> _Exercise aim_: Could you return each line from the one bearing "Psychedelic Groovy Orange" through the last line of the entries, exactly as it stands, with no pictures?

━━ Materials provided ━━

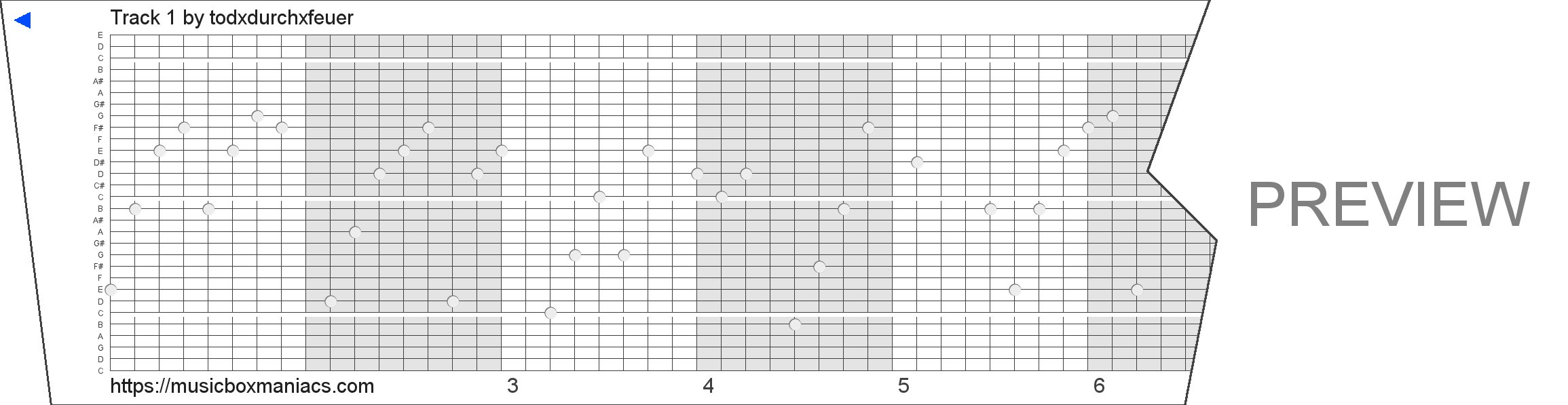 Track 1 30 note music box paper strip
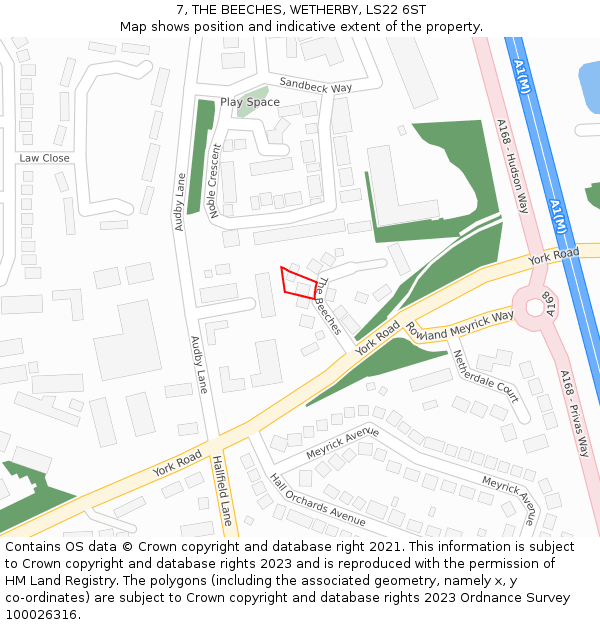 7, THE BEECHES, WETHERBY, LS22 6ST: Location map and indicative extent of plot
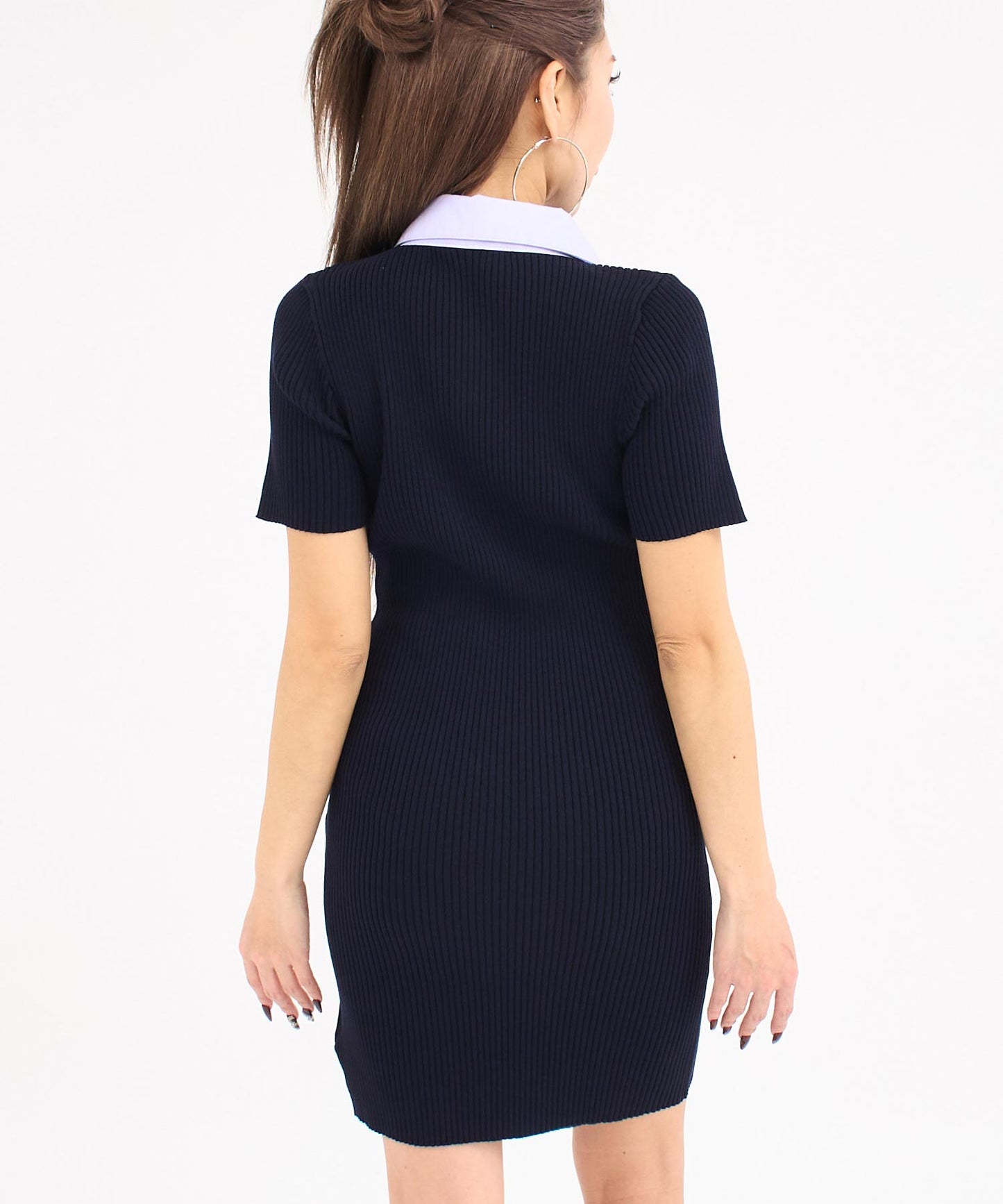 シャツ襟 リブニット ミニ ワンピース 157-5996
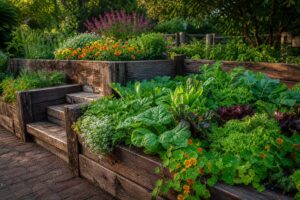 Jardin potager aménagé avec des traverses de chemin de fer récupérées utilisées comme bacs surélevés, bordures et marches, végétation luxuriante et fleurs colorées sous une lumière d'après-midi.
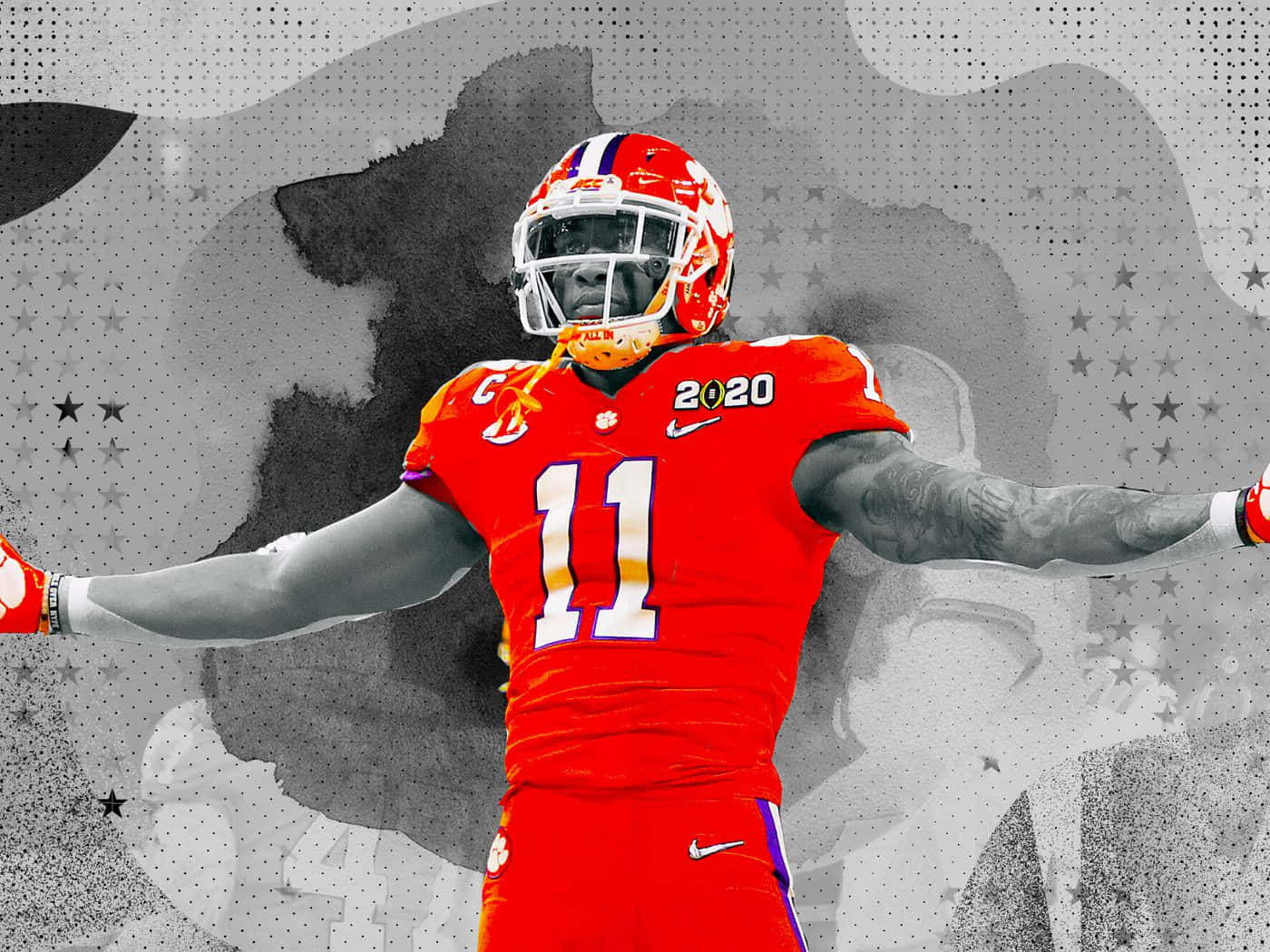 Isaiah Simmons Clemson Linebacker Stance Wallpaper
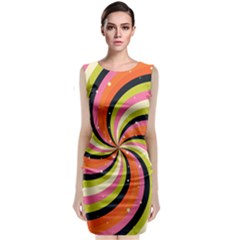 Psychedelic Groovy Orange Classic Sleeveless Midi Dress by designsbymallika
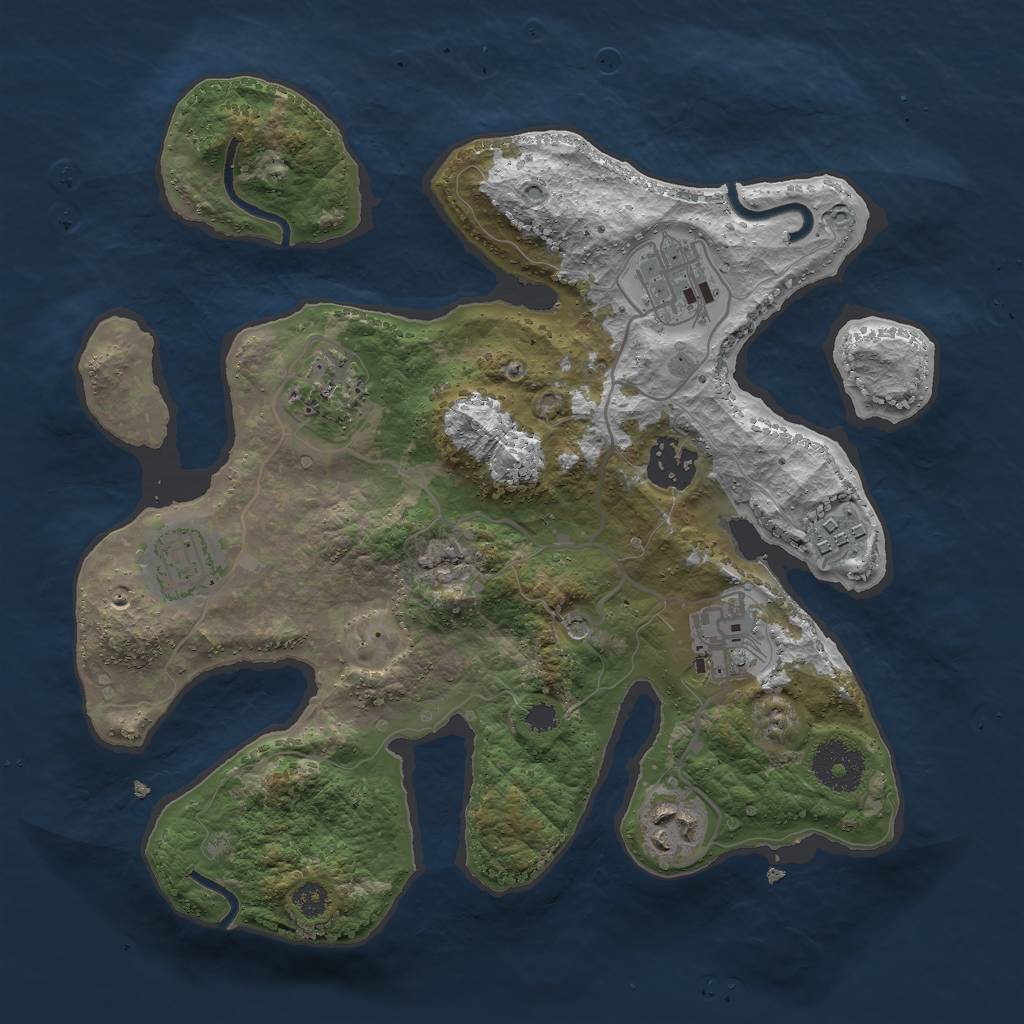 Rust Map: Procedural Map, Size: 3000, Seed: 1347303201, 10 Monuments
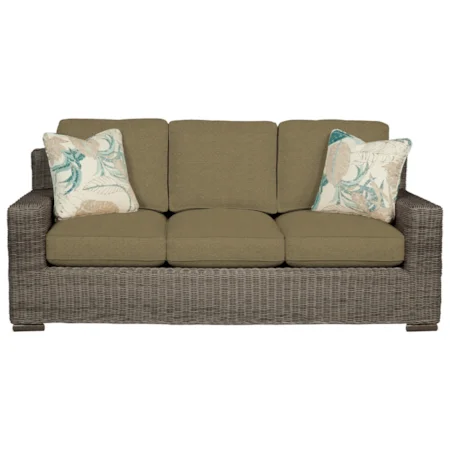 Coastal Wicker-Framed Sofa Sleeper with Loose Cushions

━━━

> _Solution for this exercise_:
 Psychedelic Groovy Orange Classic Sleeveless Midi Dress by designsbymallika
 Rust Map: Procedural Map, Size: 3000, Seed: 1347303201, 10 Monuments
 Coastal Wicker-Framed Sofa Sleeper with Loose Cushions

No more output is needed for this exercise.